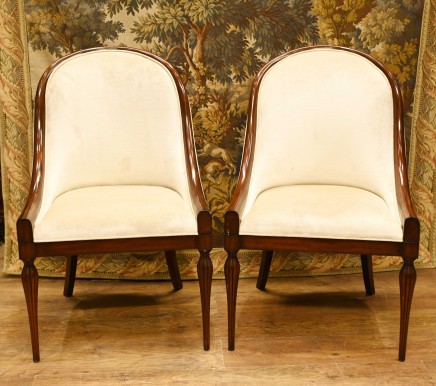 Pair Art Deco Revival Arm Chairs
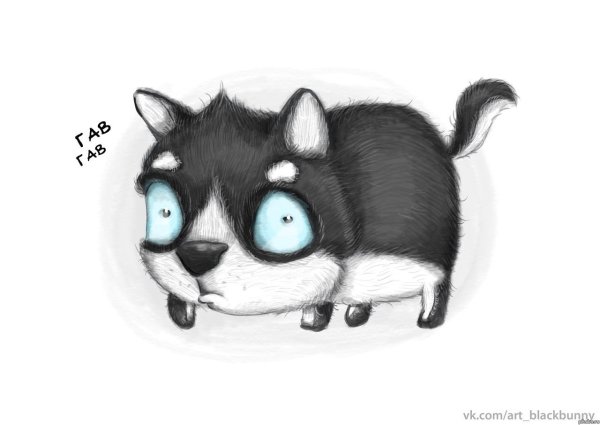 Хаски милый рисунок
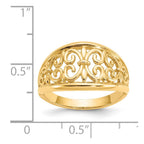 14K Fleur-De-Lis Tapered Filigree Ring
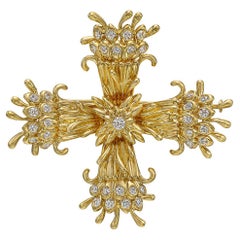 Jean Schlumberger for Tiffany & Co. Gold Diamond Maltese Cross Clip Brooch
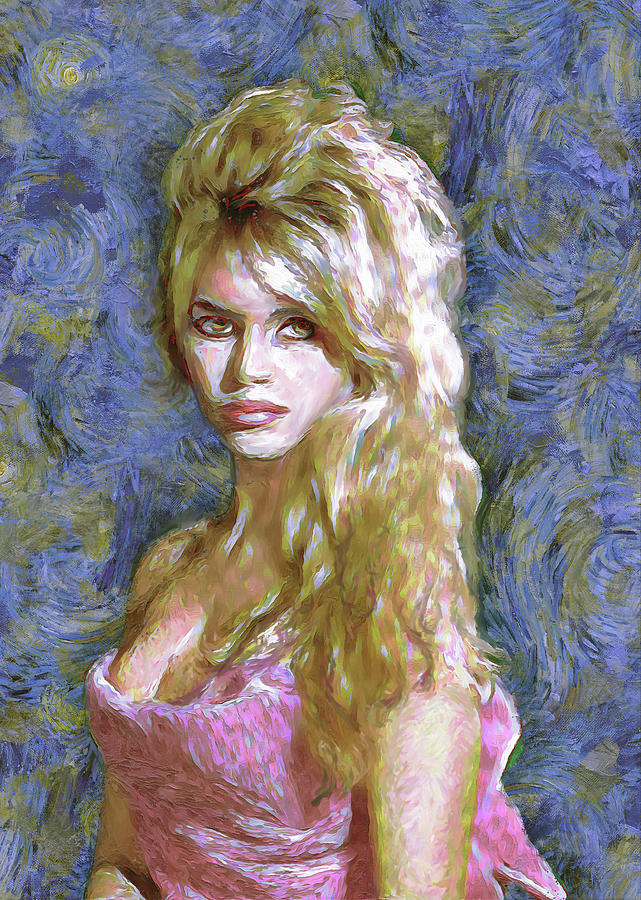 641x900 Brigitte Bardot Van Gogh Style Painting By Dominique Amendola - Bardot Painting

# Assigned task:
A word-for-word copy of the lines from the one containing "14K Fleur-De-Lis Tapered Filigree Ring" through the last line of the records is what is wanted, without pictures and without any other line.

# Your response:
 14K Fleur-De-Lis Tapered Filigree Ring
 Jean Schlumberger for Tiffany & Co. Gold Diamond Maltese Cross Clip Brooch
 641x900 Brigitte Bardot Van Gogh Style Painting By Dominique Amendola - Bardot Painting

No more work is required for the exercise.